**Exercise directions**
Reproduce the whole listing exactly and let no picture into the copy.

**Information**

- Opening Delimiter -

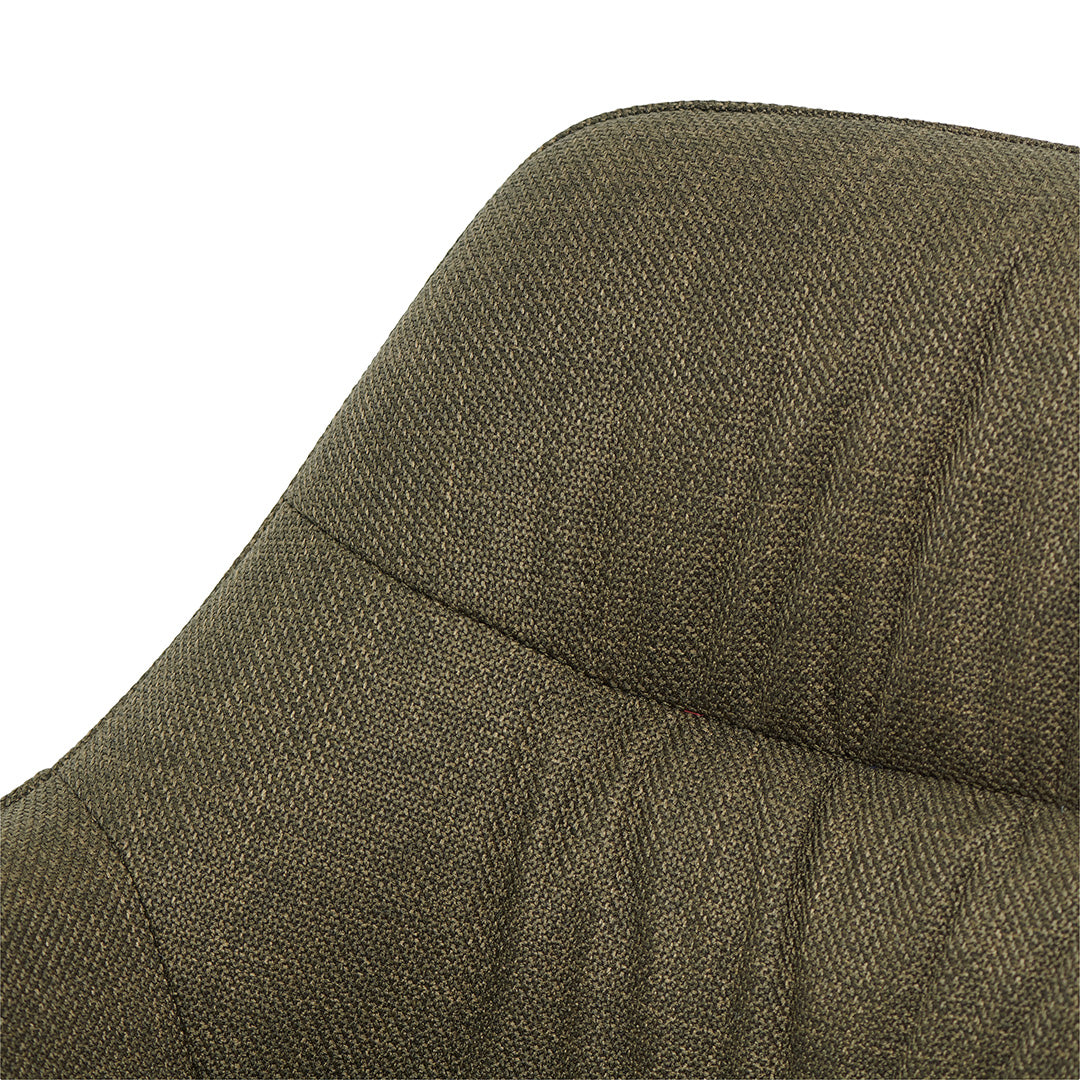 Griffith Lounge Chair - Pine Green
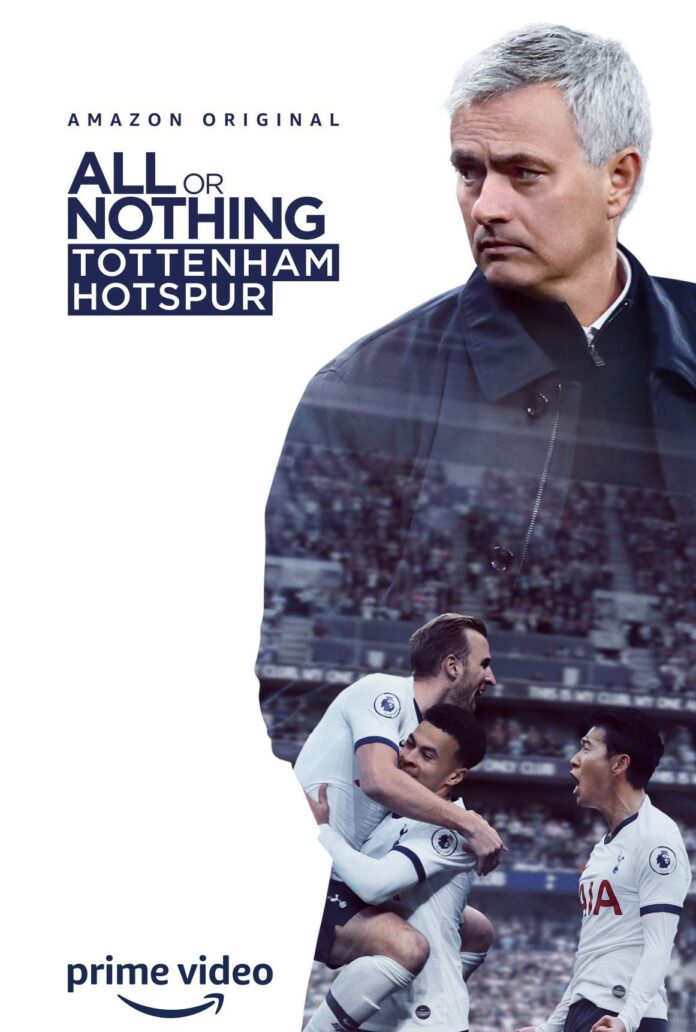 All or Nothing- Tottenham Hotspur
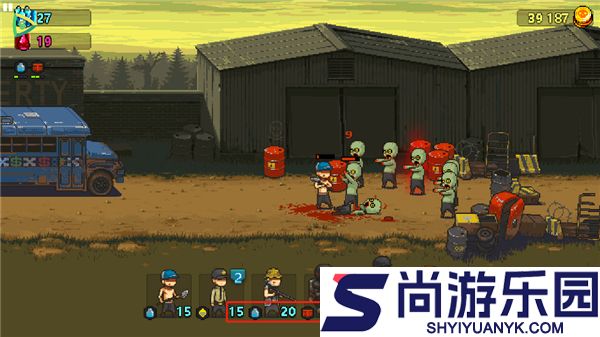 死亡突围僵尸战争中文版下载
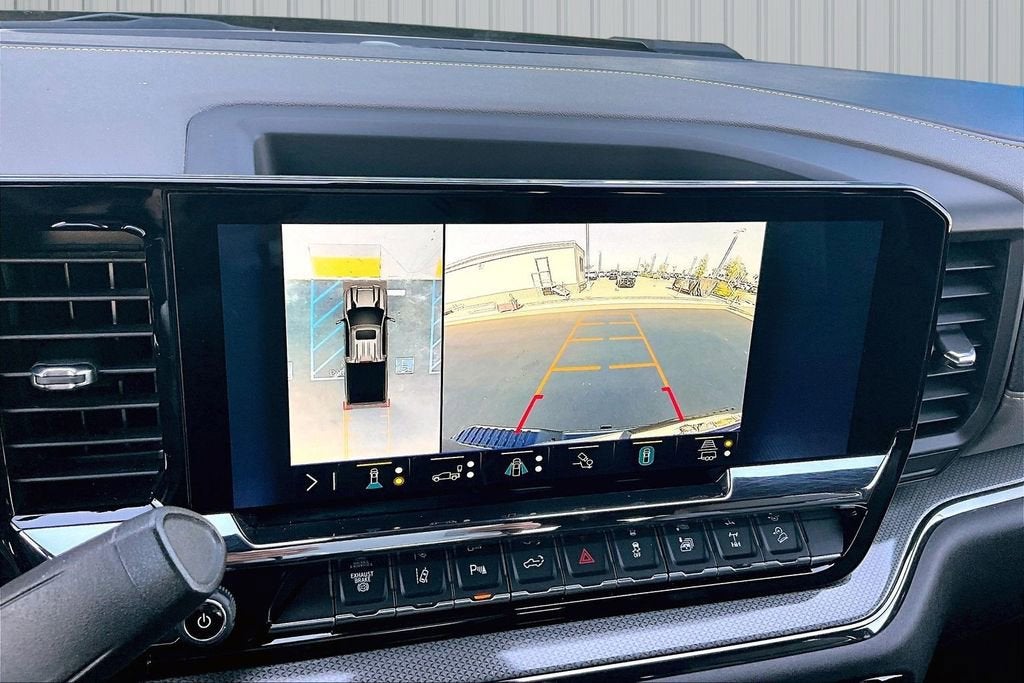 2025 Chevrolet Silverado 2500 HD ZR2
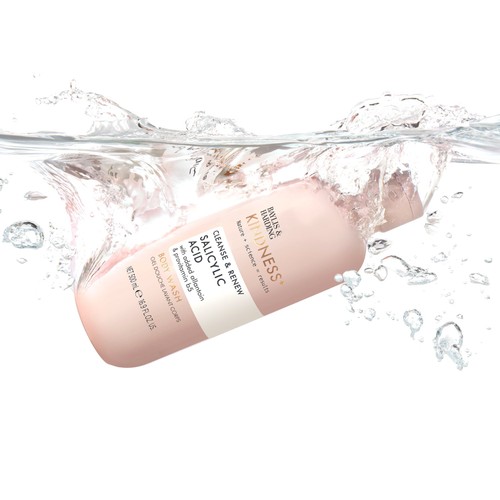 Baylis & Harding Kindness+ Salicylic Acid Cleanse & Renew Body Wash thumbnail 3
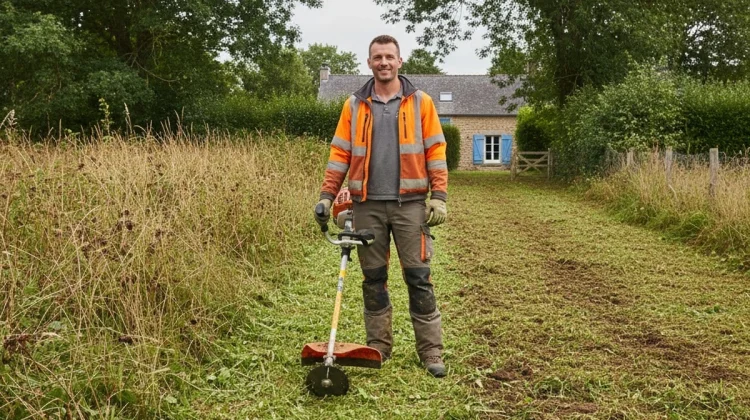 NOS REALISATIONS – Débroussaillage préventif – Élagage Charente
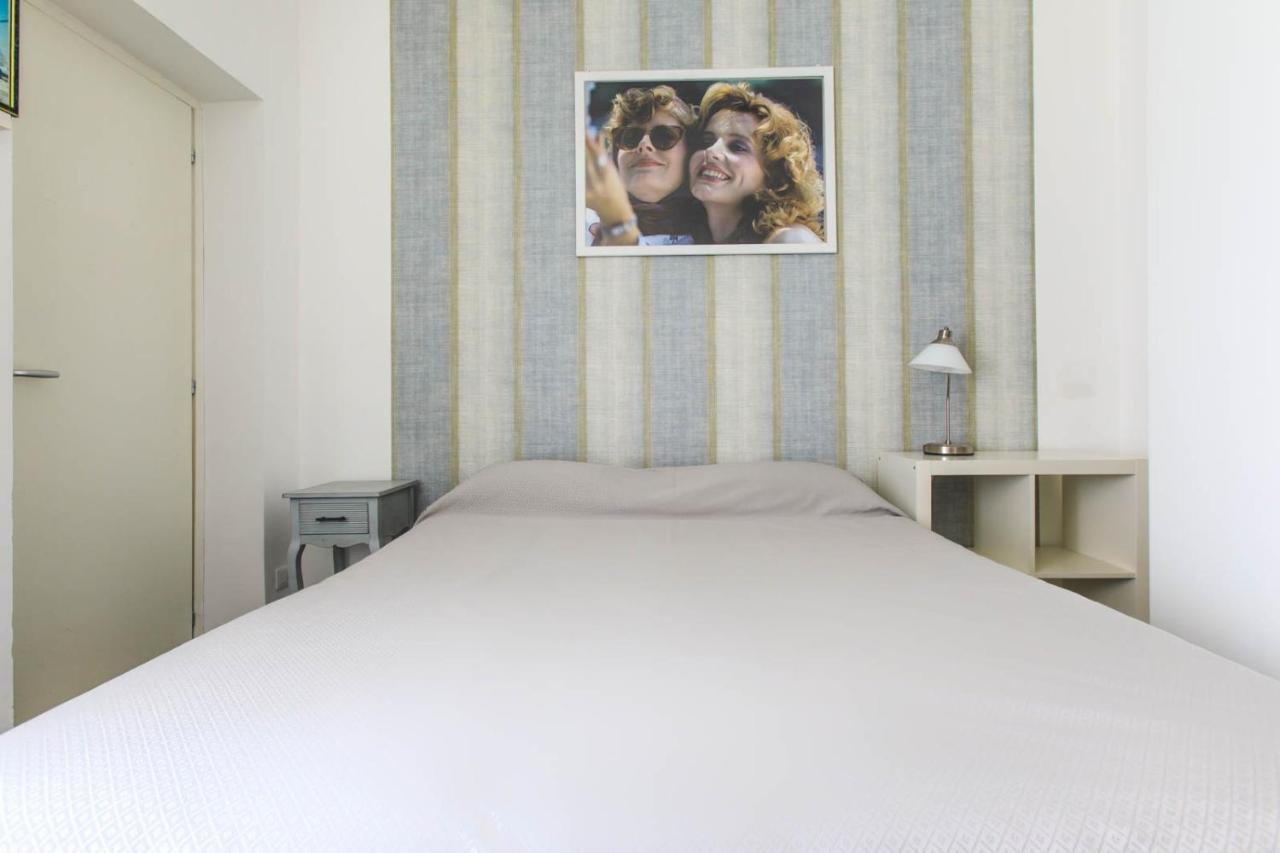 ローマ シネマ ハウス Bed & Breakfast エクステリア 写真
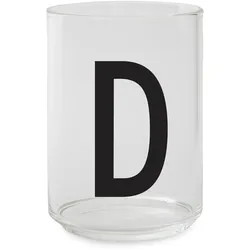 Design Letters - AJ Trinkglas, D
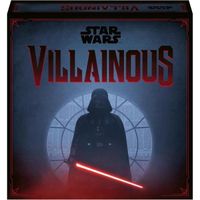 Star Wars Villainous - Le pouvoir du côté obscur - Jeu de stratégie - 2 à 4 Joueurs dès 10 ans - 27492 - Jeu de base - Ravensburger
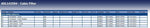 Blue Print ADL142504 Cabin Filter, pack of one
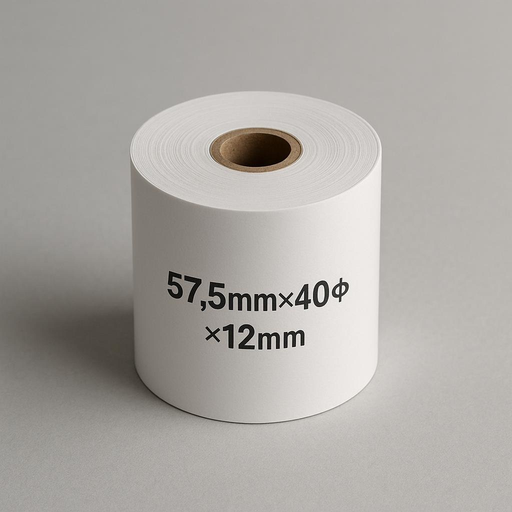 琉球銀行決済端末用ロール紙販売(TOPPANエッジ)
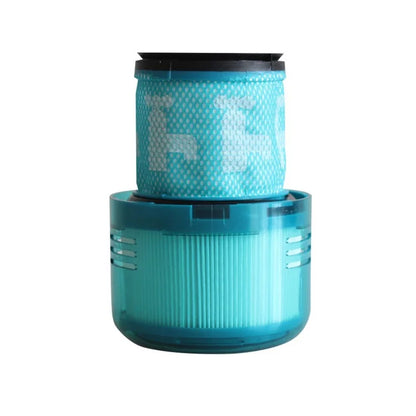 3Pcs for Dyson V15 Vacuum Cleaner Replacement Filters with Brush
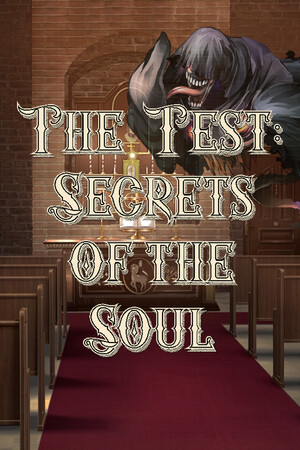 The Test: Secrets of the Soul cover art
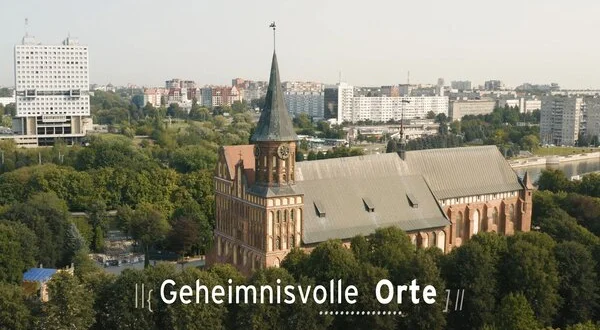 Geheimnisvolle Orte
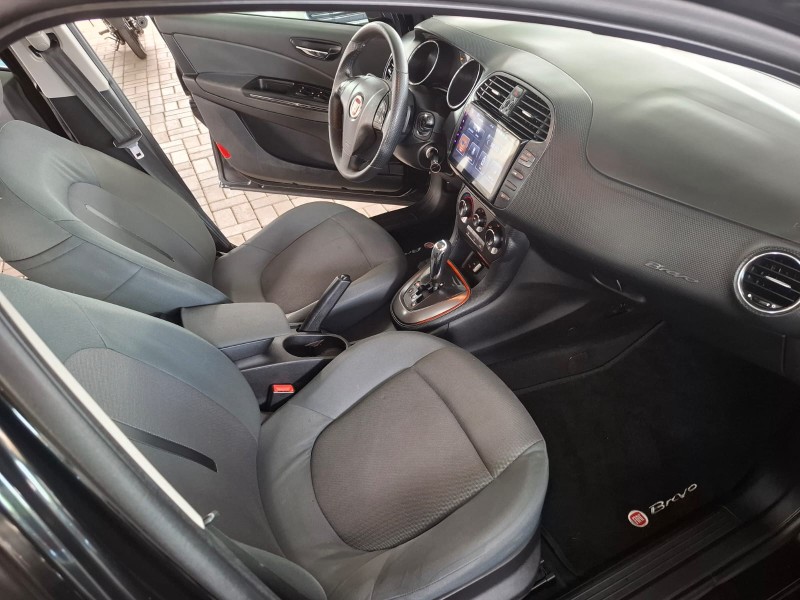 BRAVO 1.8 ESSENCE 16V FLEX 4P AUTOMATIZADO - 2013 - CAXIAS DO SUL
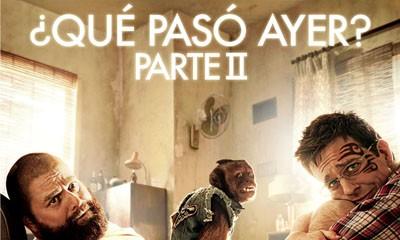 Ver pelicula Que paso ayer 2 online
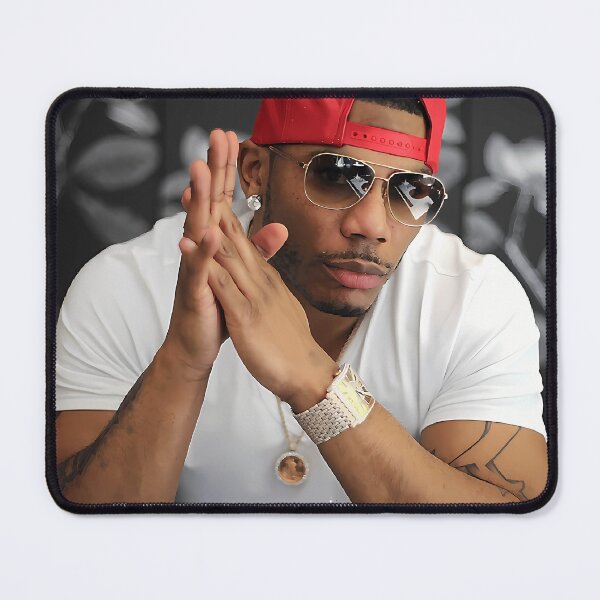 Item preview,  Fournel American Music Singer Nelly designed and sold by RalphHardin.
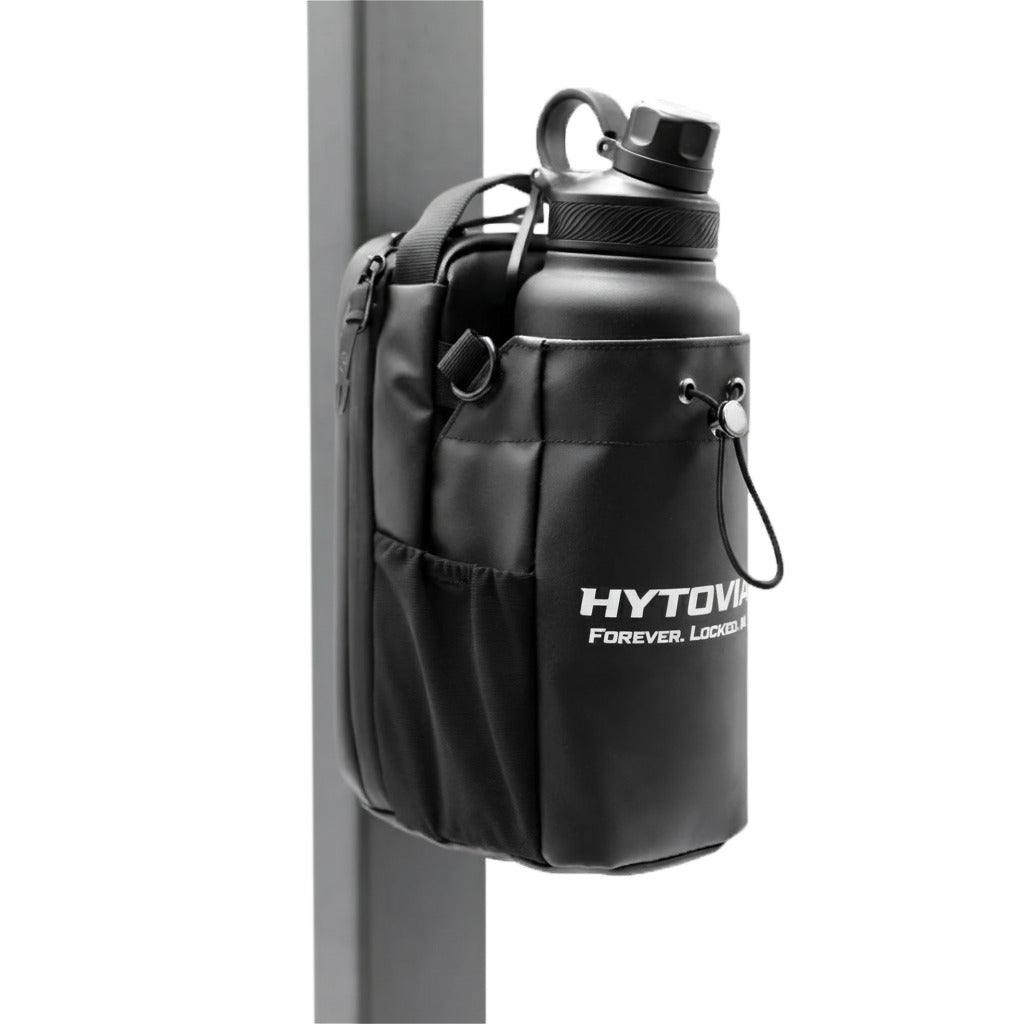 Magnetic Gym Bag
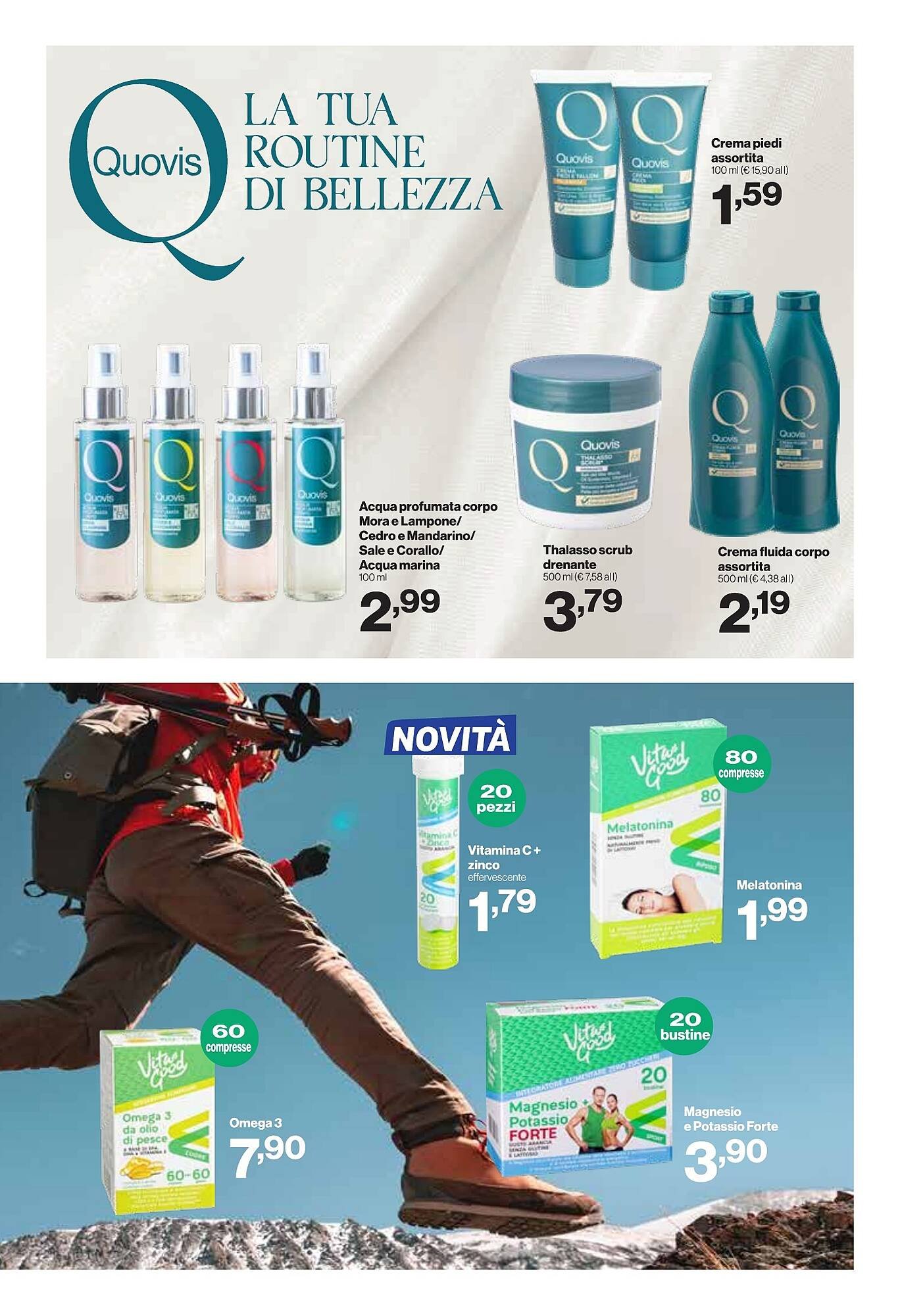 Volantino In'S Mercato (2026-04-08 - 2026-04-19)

- Closing Delimiter -

**Task response**
 Griffith Lounge Chair - Pine Green
 All or Nothing- Tottenham Hotspur
 死亡突围僵尸战争中文版下载
 2025 Chevrolet Silverado 2500 HD ZR2
 Baylis & Harding Kindness+ Salicylic Acid Cleanse & Renew Body Wash thumbnail 3
 NOS REALISATIONS – Débroussaillage préventif – Élagage Charente
 ローマ シネマ ハウス Bed & Breakfast エクステリア 写真
 Design Letters - AJ Trinkglas, D
 Star Wars Villainous - Le pouvoir du côté obscur - Jeu de stratégie - 2 à 4 Joueurs dès 10 ans - 27492 - Jeu de base - Ravensburger
 Blue Print ADL142504 Cabin Filter, pack of one
 琉球銀行決済端末用ロール紙販売(TOPPANエッジ)
 3Pcs for Dyson V15 Vacuum Cleaner Replacement Filters with Brush
 The Test: Secrets of the Soul cover art
 Geheimnisvolle Orte
 BRAVO 1.8 ESSENCE 16V FLEX 4P AUTOMATIZADO - 2013 - CAXIAS DO SUL
 Ver pelicula Que paso ayer 2 online
 Item preview,  Fournel American Music Singer Nelly designed and sold by RalphHardin.
 Magnetic Gym Bag
 Volantino In'S Mercato (2026-04-08 - 2026-04-19)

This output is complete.